Existem diferentes tipos de GxP que as empresas farmacêuticas devem seguir, que abrangem:
Boas Práticas de Fabrico (BPF)
As GMP são os padrões estabelecidos pelas Agências que regulam os processos de fabrico de produtos farmacêuticos. As diretrizes descrevem as especificações mínimas que os fabricantes devem seguir para mitigar os riscos envolvidos em qualquer processo de fabrico farmacêutico.

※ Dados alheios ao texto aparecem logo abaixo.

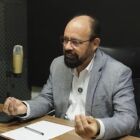 O cientista político e professor da Universidade Federal de Mato Grosso (UFMT), João Edisom, no podcast HNT TV Entrevista. 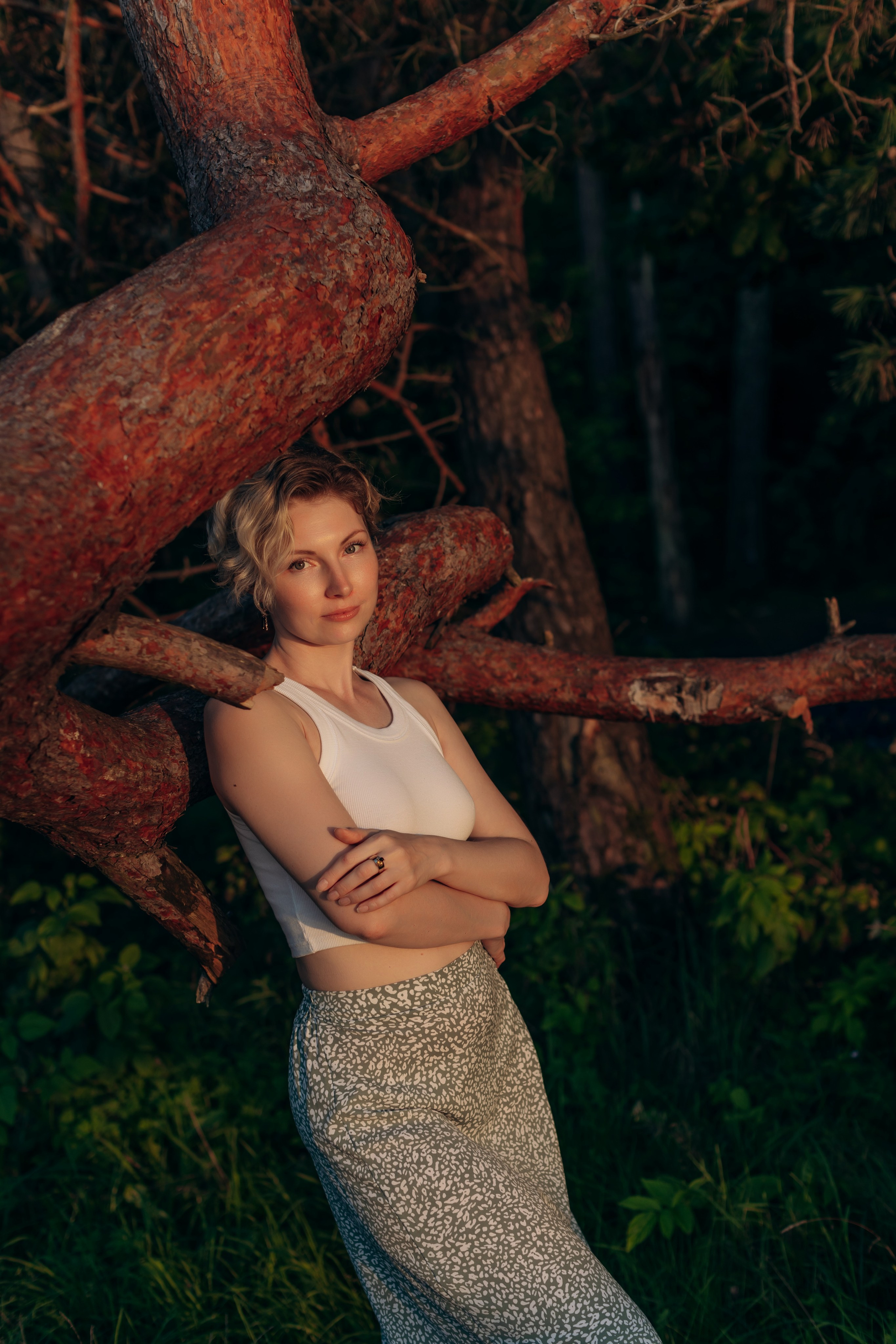 Подруги Пионеский Сосновый бор закат. Фотограф в Калининграде свадебная фотография, репортажная, фотосессии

As GMP abordam os pontos-chave a considerar no fabrico de medicamentos, por exemplo:
- As instalações estão em boas condições e são da escala adequada
- A maquinaria está em condições de funcionamento e bem conservada
- Os funcionários têm a experiência e a preparação necessárias
- Os processos são consistentes e fiáveis
- São utilizados materiais, equipamentos e logótipos de origem correta
Boas Práticas de Distribuição (GDP)
As Boas Práticas de Distribuição (GDP) definem os requisitos mínimos que devem ser cumpridos por um distribuidor grossista para manter a qualidade e integridade dos medicamentos ao longo da cadeia de abastecimento. A GDP é supervisionada e regulamentada por diretivas globais e nacionais da mesma forma que a GMP.
Os sistemas GDP asseguram o seguinte:
- Os medicamentos na cadeia de abastecimento são aprovados ao abrigo das leis da União Europeia (UE), que estão entre as mais rigorosas.
- Os medicamentos são processados em condições aceitáveis e transportados.
- Os inventários são corretamente rodados.
- Os sistemas das instalações devem permitir aos funcionários detetar e recuperar objetos rapidamente, se necessário.
- A contaminação de outros bens é prevenida em todos os casos.
Para além GDP do PMB, as empresas farmacêuticas devem também cumprir as BP, tais como as BPF atuais (Boas Práticas de Fabrico), GCP Boas Práticas Clínicas), as BP de Laboratório (GLP), as BP de farmacovigilância GPvP ), etc.
Por conseguinte, é necessário que as organizações procurem uma equipa de consultoria regulamentar dedicada e estabelecida para um cumprimento bem-sucedido.